Opinion
No. CV04-4000033S
March 28, 2005
MOTION FOR DISCLOSURE OF ASSETS #109
FACTS
This action arises from the granting of a prejudgment remedy against the defendant, Jason Burgess on August 13, 2004, with an attachment in the amount of $1 million. The following facts are alleged in the complaint, which was filed on October 21, 2004, by the plaintiff, Darrell Burgess, owner, operator, manager and controller of Terminators of America, Inc., dba Mastershield and Prestco, L.L.C. (Terminators). Jason Burgess is the son of the plaintiff and a former employee of Terminators. Terminators had one secured creditor, Kenneth Jalbert. As a result of an agreement between the plaintiff and Jalbert, and following the default of Terminators on a secured debt to Jalbert, Jalbert exercised his right to repossess the assets of Terminators. Jalbert then sold the repossessed assets to Prestco, L.L.C. (Prestco), an entity that had been created by the plaintiff to acquire these repossessed assets. Jason Burgess is the sole member of Prestco and agreed to hold title to it in his name as trustee for the plaintiff as an undisclosed beneficiary. In consideration of the agreement between Jalbert and the plaintiff, the debt owed Jalbert was paid in advance of the maturity date in the original note from terminators.
The defendant, without the knowledge or consent of the plaintiff, sold the assets from the repossession to Chas S. Bogannam dba BUG-EZ for an undisclosed sum of money and has kept the proceeds from that sale. The fair market value of these assets is approximately $1 million. The defendant has failed to return to the plaintiff any of the proceeds from the sale of the repossessed assets.

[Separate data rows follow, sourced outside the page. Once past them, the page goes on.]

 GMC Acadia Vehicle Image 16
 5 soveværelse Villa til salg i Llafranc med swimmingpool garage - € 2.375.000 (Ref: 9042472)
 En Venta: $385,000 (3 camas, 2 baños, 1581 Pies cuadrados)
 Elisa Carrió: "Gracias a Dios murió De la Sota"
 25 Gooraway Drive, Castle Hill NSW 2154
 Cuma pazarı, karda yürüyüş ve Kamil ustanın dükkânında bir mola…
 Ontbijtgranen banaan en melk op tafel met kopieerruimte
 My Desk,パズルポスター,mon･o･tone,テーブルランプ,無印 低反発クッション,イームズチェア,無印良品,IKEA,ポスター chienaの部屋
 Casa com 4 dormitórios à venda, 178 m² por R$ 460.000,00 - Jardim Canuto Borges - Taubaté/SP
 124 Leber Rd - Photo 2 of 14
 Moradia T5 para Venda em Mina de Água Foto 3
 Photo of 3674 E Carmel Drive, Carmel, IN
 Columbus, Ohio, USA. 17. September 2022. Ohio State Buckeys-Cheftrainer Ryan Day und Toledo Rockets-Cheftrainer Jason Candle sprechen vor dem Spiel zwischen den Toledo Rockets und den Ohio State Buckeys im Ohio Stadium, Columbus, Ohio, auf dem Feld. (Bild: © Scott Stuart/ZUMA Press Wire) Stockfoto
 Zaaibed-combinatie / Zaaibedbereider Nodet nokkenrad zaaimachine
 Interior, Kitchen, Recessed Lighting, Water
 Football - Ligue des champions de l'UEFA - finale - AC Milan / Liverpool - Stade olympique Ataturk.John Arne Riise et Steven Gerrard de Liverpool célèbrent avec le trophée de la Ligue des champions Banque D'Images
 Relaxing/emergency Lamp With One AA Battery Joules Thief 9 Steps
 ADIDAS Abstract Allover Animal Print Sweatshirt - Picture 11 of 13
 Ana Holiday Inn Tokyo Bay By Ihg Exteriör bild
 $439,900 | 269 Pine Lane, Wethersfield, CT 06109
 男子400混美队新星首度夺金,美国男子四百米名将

In count one, the plaintiff alleges that the defendant "has been unjustly enriched" by his continued possession of the proceeds. In count two, the plaintiff alleges that despite making a demand for the return of the proceeds from the sale of the assets, the defendant has converted them to his own use. In count three entitled `money had and received,' the plaintiff alleges that the defendant has received the proceeds from the sale of the assets for an undisclosed certain sum and has refused to pay the money to the plaintiff. In count four for the breach of an oral contract, the plaintiff alleges that the defendant is wrongfully holding and retaining these funds as trustee for the plaintiff in violation of their agreement. In count five, entitled "constructive trust," the plaintiff alleges that "[b]y agreement and understanding with [the defendant], [the plaintiff] provided a large sum of money to [him] for the purpose of creating a common fund with which a secured debt would be paid and the excess held in trust for [the plaintiff]"; that the defendant sold the assets without the consent or knowledge of the plaintiff; and that "[t]he sum remaining in the common fund after payment of the expenses due to its creditors was never refunded or accounted to [the plaintiff]."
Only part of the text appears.